Grandma makes it look so easy.

“Like this, Sage.” As her skillful fingers expertly work the pattern.

 Clumsily, I give it a try.

 “No, Like this.” And quicker than I can unravel the colorful fibers, she does it again.

 “Slow down, Grandma. Please do this one very, very slowly… SLLLLOOOOWWWLLLLYYYY. Ah. Okay!  I think I have it! Let me try!”


 “Let me show you again. It is SO easy!”

 “For YOU it is!!!”

 “Well, sometimes when people first start, they are all fingers. Like this, Sage. Just do it like this.”

 And then after tying my tongue in knots as I laboriously twist the yarn around the needles….

 “Yes! There! You’ve got it! You’re a fast learner!”

 She goes to bed…I mess up terribly…unravel it all and try unsuccessfully for half an hour to start over. But I can’t remember how to cast on.

 So we do it all over again the next day. And I ‘learned’ even faster. Until I took it all out again.

I’ve got a few inches going now. They aren’t perfect. There are holes where I dropped a stitch here and there. Strangely enough, I cast on 24 stitches and now have 30. When I showed that to Grandma she laughed and said, “How did you do that???” Followed by a, “Don’t do that anymore, Sage.” But I don’t know HOW I did it. And if I don’t know how….how do I know how NOT to?
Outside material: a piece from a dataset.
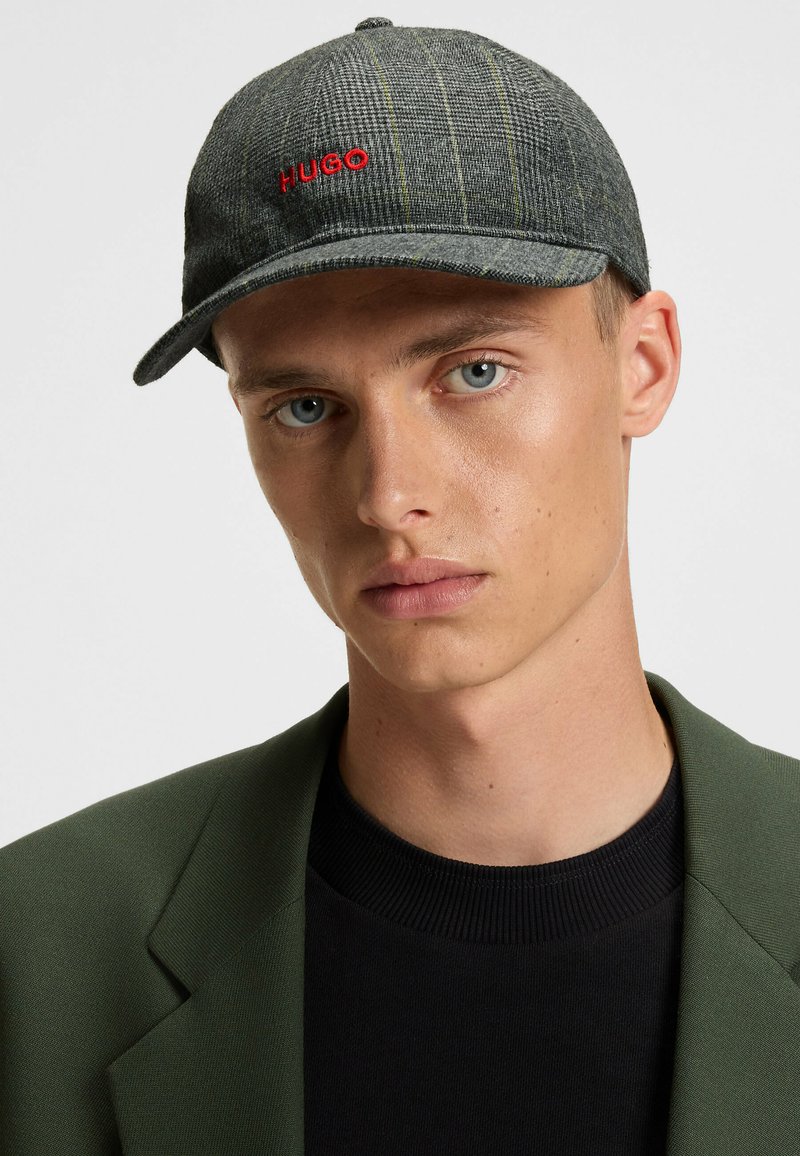 Grey plaid cap with curved brim, featuring red "HUGO" logo. Soft texture, adjustable strap, and a round top with a button detail.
 As soon as I took up the needles and yarn I had a fierce desire to listen to an Agatha Christie story or two while I was being so industrious. It seemed my knitting needles SHOULD be clicking away, as any proper knitting needles would. Only…the needles I am using are not metal. They don’t click. They’re very quiet. If they did make noise though, it would be sporadic, unsure clicking…not the confident, measured rhythm that I am sure Miss Marple produces.

 The pattern I am making is very simple. One row knit. One row purl. One row knit. One row purl. I think I have that down now….but starting each row is a disaster. Every time I turn the project, I hope that it will make sense to me by some miracle. Not so.

It’s not perfect…but I’m in for the long haul. Well…not too long. I think I’ll make a short scarf. A very short one. Or….maybe a pot holder.

But someday….someday I will knit beautifully and evenly. I will knit sweaters, and baby clothes for my multitude of nieces and nephews who I KNOW are coming someday. I will knit a hideous afghan…just to say I did it. And hats and scarves and mittens and….Someday.

Someday I’m going to be JUST LIKE Miss Marple. Someday.


It feels like forever since I’ve posted. And yet it isn’t. Not even a month. I feel compelled to write here…though I don’t know why. I’ve opened up the “New Post” page quite often, and even started a draft or two…and that is all. I want to write…but I have nothing to share. I have much to share…but nothing to write.

If that didn’t make sense to you, don’t worry. It may very well be non-sensical. But it makes sense to me….possibly because I’m living it. Not that “living it” makes everything make sense. I wish that were true though…truly, I do!

I feel like I could go on and on in this same rambling way today. But I’ll not. Instead…I’ll share one of the assignments I wrote for the writing class I took. It’s over already, can you believe it? I miss it! I think I must take another. Yes…I think I must.


A small terra cotta pot sits on the shelf. Imperfect. Amateur. Unglazed.

I cradle it in my hands, feeling the rough ridges of the clay, placing my thumb over the impression of a misplaced fingerprint, wondering why it is unfinished.

I visualize the strong, thick hands of the man I never met, but whose eyes I have stared into, soaking up the twinkle that I see in the the old black and white photographs from the years before I was born.

He was handsome. Strong. Laughing. Loving.

He had a space between his teeth…and he left that to me. I never heard his voice, felt his hug, smelt his aftershave. He died too young, a few months before I was born…

His life seems unfinished. Unglazed.

Turning the pot over, I use my finger to trace the initials on the bottom…R.H. Robert Holland. My grandfather. I wonder why I never met him. And how life would be different if I had. But that is the past. And those questions are futile.

I form a pot…the wet clay molding to my fingers as the wheel turns. I am also a vessel. Being molded and formed and fired. I want to be used…to be loved…to fulfill the purpose The Potter has…

For now, I am imperfect. Amateur. Unglazed.